Television: Nine and 9Now
Television combined, revenue increased by 12% and EBITDA by 73%, with growth across both Nine Network and 9Now.
9Now continued to grow, with revenue growth of 46%. EBITDA of $73m was up 48% on FY20.
Mike Sneesby didn’t acknowledge that Seven is making 2021 any more difficult for Nine in terms of finding an audience and generating revenue.
“Our team has a great strategy for this year’s back end in terms of programming and the way that they’re thinking about next year and beyond. We have safe hands like Stepho (chief sales officer Michael Stephenson) and Michael Healy (director of television).
“I have been working closely with them getting across free-to-air which is very different to subscription television in terms of the revenue model and how you think about an audience.”
The CEO claimed that Nine remains a clear leader in the commercial demos. “We continue to select content around delivering into those commercial demos for Nine and increasingly for 9Now. That underpins a great revenue result.”

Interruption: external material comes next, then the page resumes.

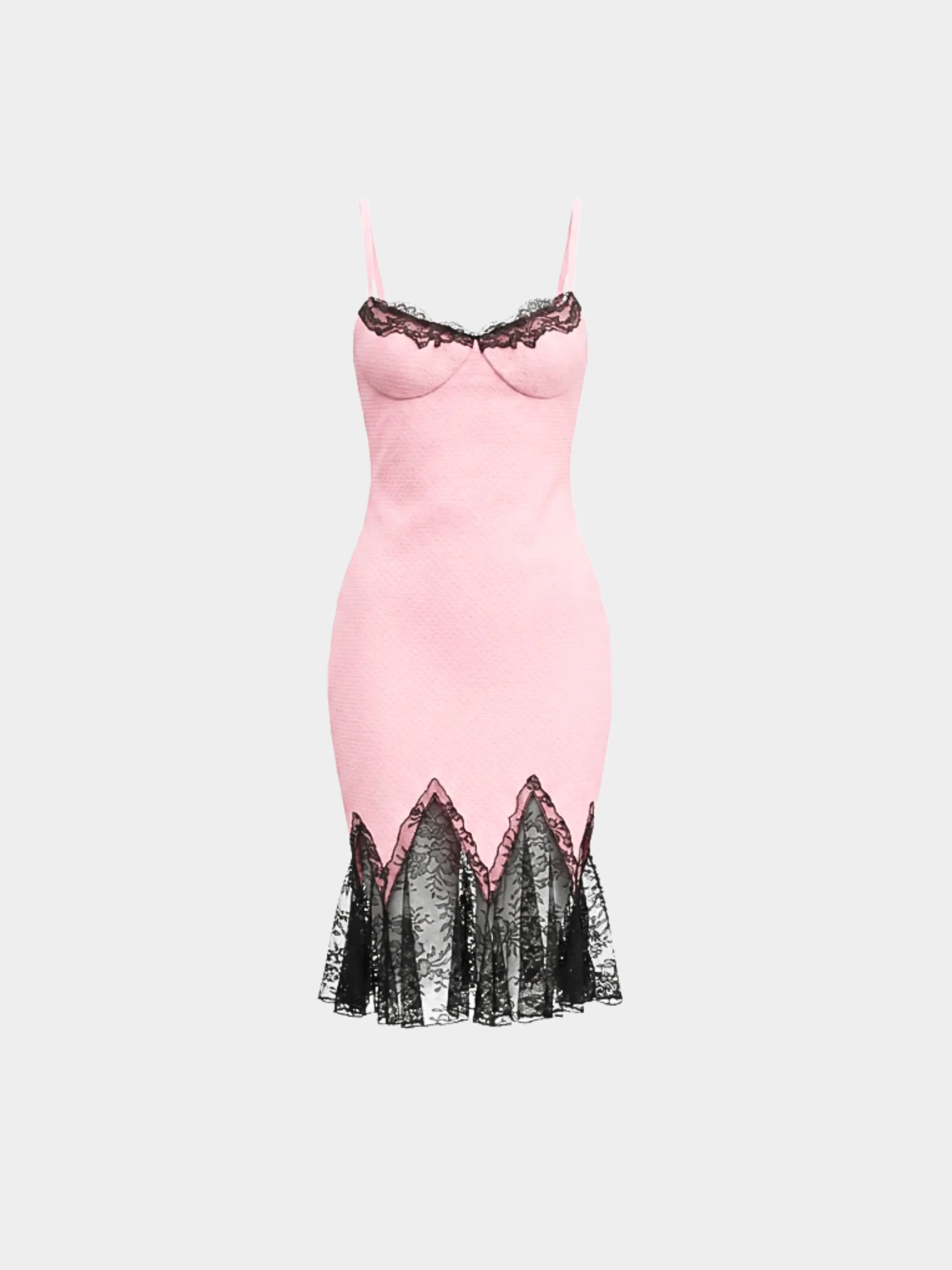 Versace SS 2002 Pink Silk Slip Lace Dress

Publishing: The SMH, The Age & The AFR
Publishing revenue was $505m with a combined EBITDA of $117m, up 28% on FY20.
Growth in digital subscription revenue for the year more than offset decline in print sales.
Getting across Nine’s publishing assets was possibly the division where Sneesby needed to do the most work in terms of learning the business.
“There is no chief executive who could have taken this role with detailed experience in every part of this organisation. It’s been really important to rely on the executive team. Part of that has been Chris Janz who will soon finish at Nine, somebody who has contributed a great deal to the business and where it’s at today. We have an extremely competent pair of hands in James Chessell [new MD Publishing] to run publishing.
“We also have Alex Parsons [new chief digital officer] returning to run digital across the board who will work closely with me across a number of our growth initiatives.”
Radio: 3AW, 2GB, 4BC, 6PR
Coupled with a double-digit cost decline, Nine Radio reported EBITDA of $8m.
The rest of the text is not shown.